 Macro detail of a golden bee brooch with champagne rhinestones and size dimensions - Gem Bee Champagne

------------------------------------------------

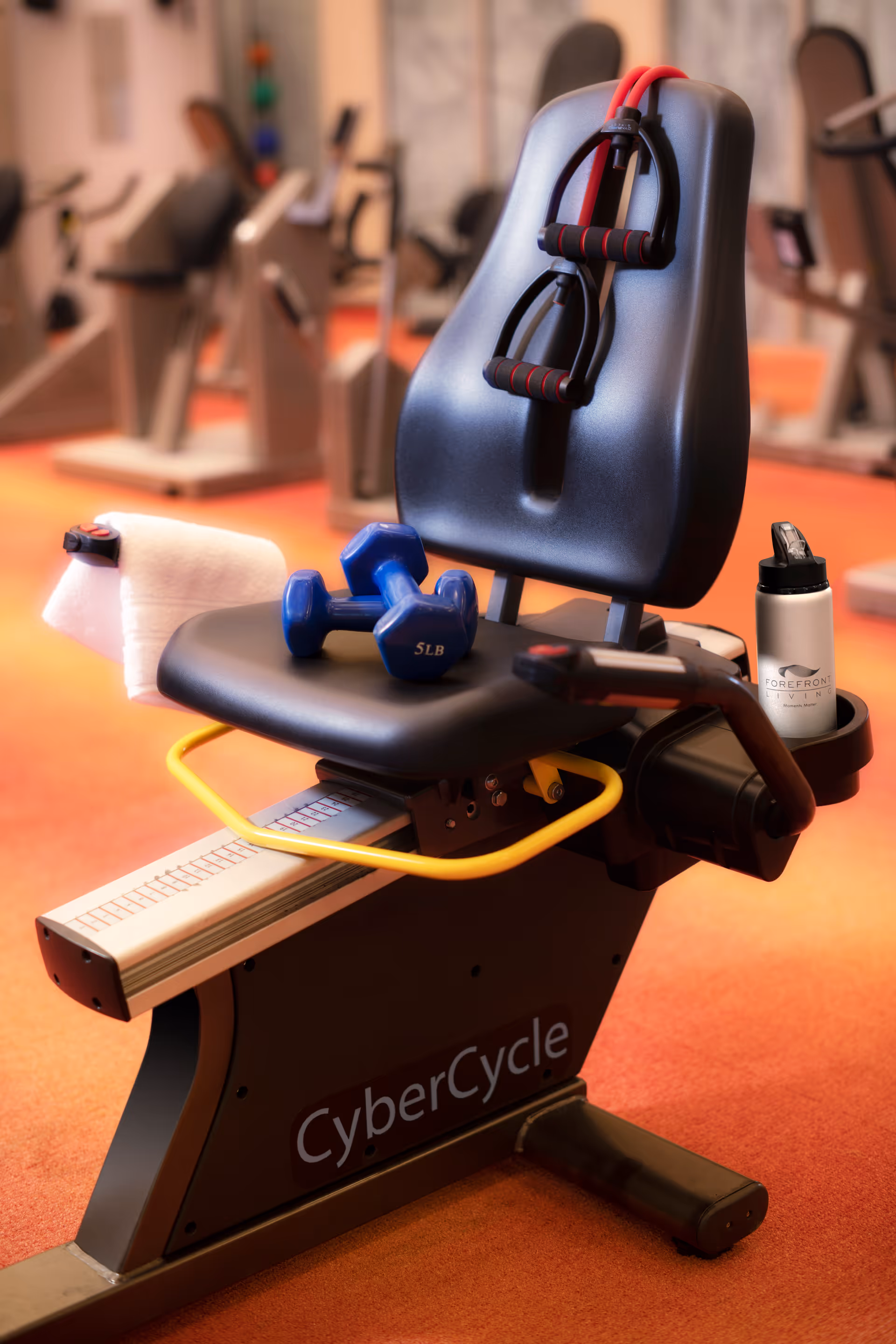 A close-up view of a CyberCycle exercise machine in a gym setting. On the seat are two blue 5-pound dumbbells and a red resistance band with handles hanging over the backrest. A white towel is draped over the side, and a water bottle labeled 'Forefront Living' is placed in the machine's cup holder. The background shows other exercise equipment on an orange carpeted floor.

------------------------------------------------

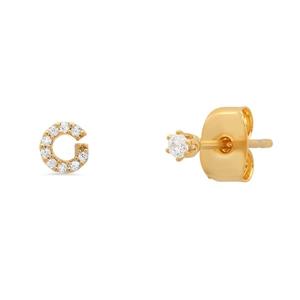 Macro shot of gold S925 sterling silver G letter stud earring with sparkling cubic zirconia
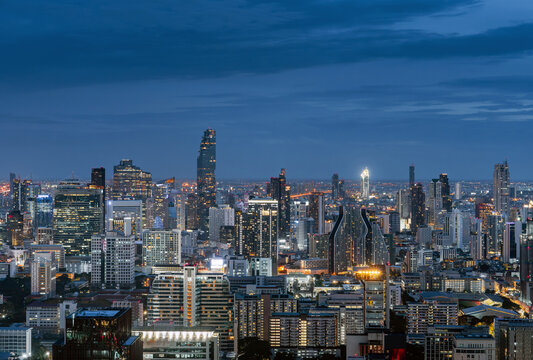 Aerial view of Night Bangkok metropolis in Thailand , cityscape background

------------------------------------------------

• PROBLEM TO SOLVE: Nothing but the lines from the one containing "Macro shot of" through the one containing "Aerial view of" should appear, copied exactly from the material above and without pictures.

• FINISHED EXERCISE:
 Macro shot of gold S925 sterling silver G letter stud earring with sparkling cubic zirconia
 Aerial view of Night Bangkok metropolis in Thailand , cityscape background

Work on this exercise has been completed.